WORK INSTRUCTION
Find "image for item", then copy its line and every later line of the entries exactly through the end, leaving all pictures out.

MATERIAL PROVIDED

--- START ---

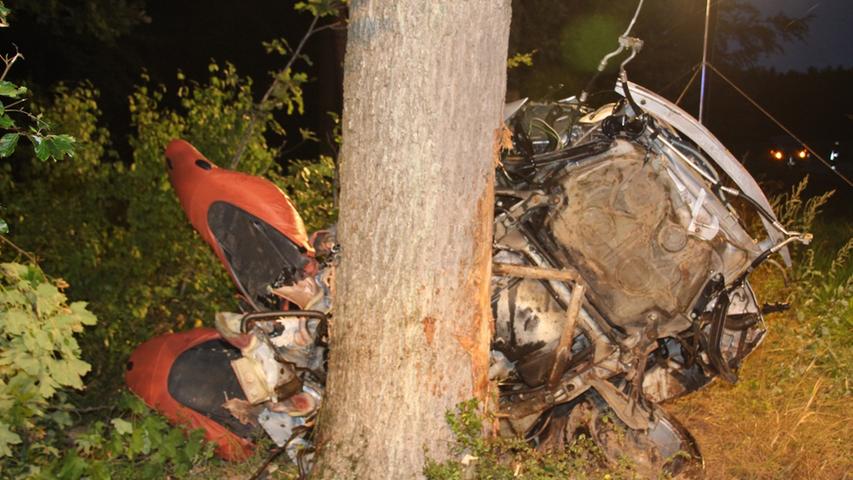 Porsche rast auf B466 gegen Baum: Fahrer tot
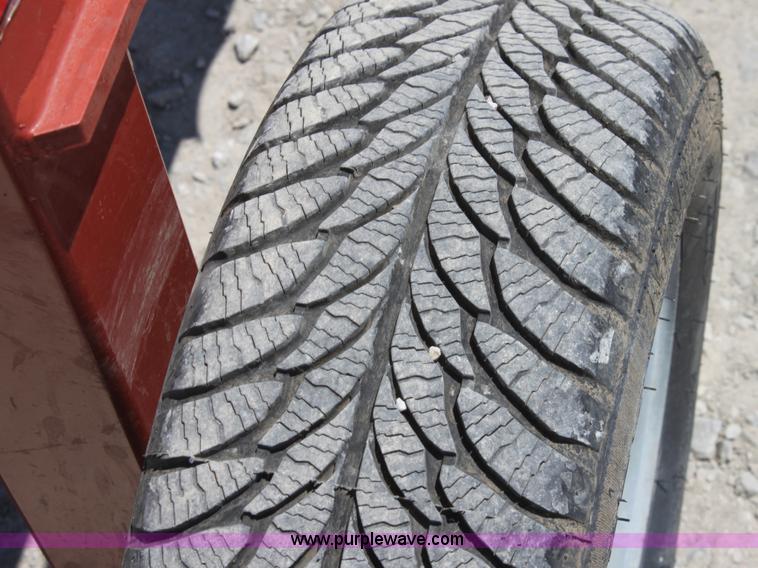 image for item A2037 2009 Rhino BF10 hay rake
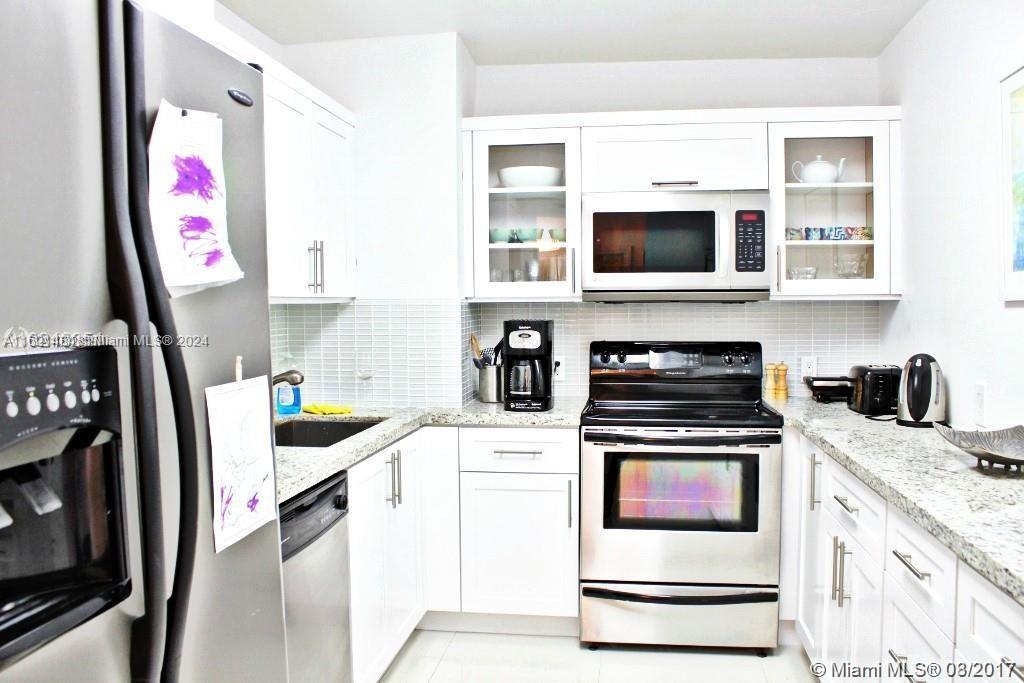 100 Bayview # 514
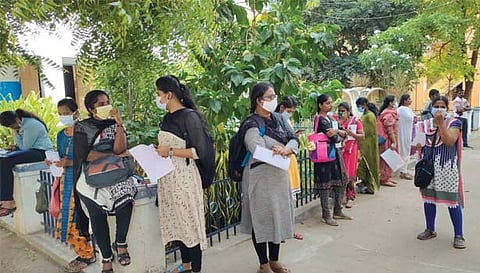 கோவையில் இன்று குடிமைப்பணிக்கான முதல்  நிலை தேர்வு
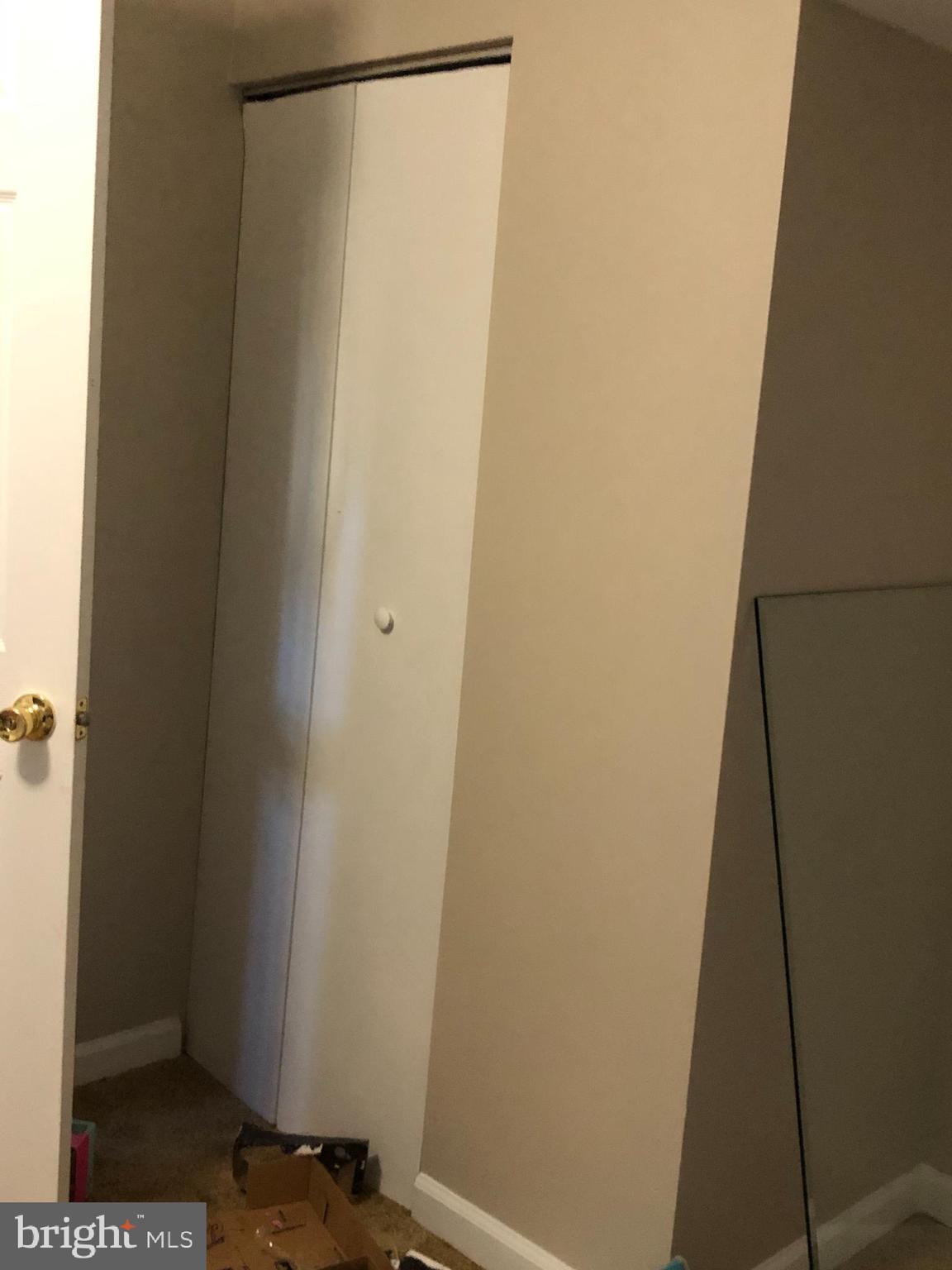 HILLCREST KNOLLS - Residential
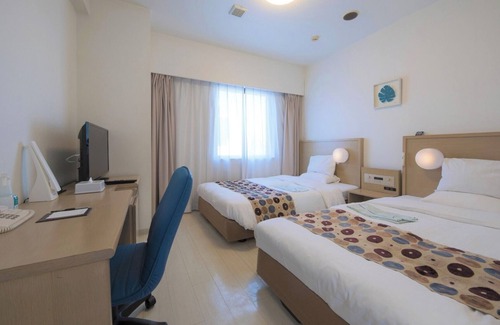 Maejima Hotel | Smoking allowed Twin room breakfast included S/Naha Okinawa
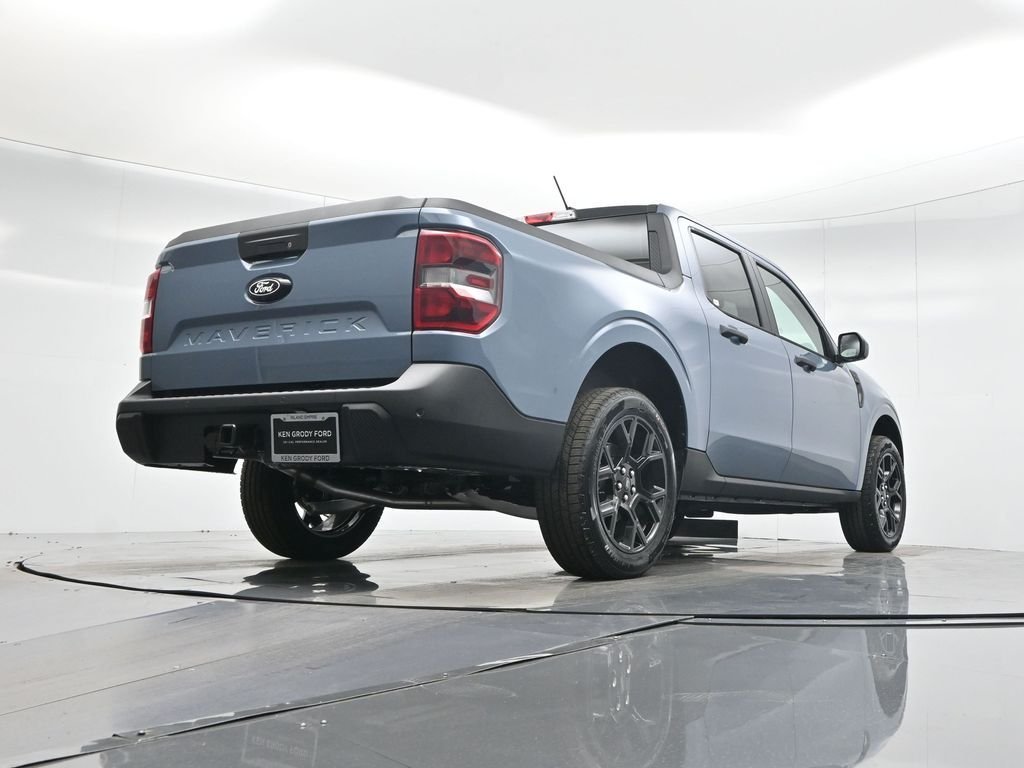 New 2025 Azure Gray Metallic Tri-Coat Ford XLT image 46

--- END ---

TASK RESPONSE
 image for item A2037 2009 Rhino BF10 hay rake
 100 Bayview # 514
 கோவையில் இன்று குடிமைப்பணிக்கான முதல்  நிலை தேர்வு
 HILLCREST KNOLLS - Residential
 Maejima Hotel | Smoking allowed Twin room breakfast included S/Naha Okinawa
 New 2025 Azure Gray Metallic Tri-Coat Ford XLT image 46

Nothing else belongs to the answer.